Details of future rationing programs for the United States have not yet been fully worked out, but the Office of Price Administration announced, December 2, that a point system similar to that now in use in Britain for certain foods would be utilized when meat rationing began in the late winter of 1943. Speaking to the War Congress of American Industry on December 3, Leon Henderson, director of O. P. A., made it clear that many more food items would be rationed during 1943, and four days later he emphasized that he did not mean merely an extension of present rationing methods to cover an increased number of articles, but also that “new rationing techniques… will be applied.”
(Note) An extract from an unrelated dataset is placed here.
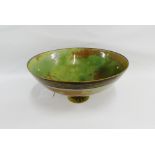 Sutton Taylor, porcelain footed bowl glazed in green and brown, with an impressed monogram, 20cm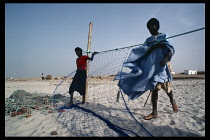 Mauritania, Fishing, Fishermen with nets on beach.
A tightened control over food supplies was foreshadowed by an Executive Order of December 6 which placed full responsibility for the nation's food program, including civilian rationing, in the hands of the Secretary of Agriculture. As Food Administrator, Secretary Wickard will exercise his powers over food rationing through the Office of Price Administration. He told a press conference, December 10, that despite increasing restrictions on food supplies the American people would continue to fare better than the British people—if only in having a more varied diet—because “they [the British] have a shipping problem which we haven't.” If food was conserved, Wickard added, no one need go hungry. A fortnight later, on December 27, Wickard ordered the rationing of some 200 kinds of commercially processed fruits, vegetables, juices, and soups. The rationing program for these canned and dried foods is expected to be placed in operation in February. Distribution will be controlled by the point method of rationing. Quantity rationing of sugar began on May 5, 1942, and the same system became effective, November 29, for the rationing of coffee.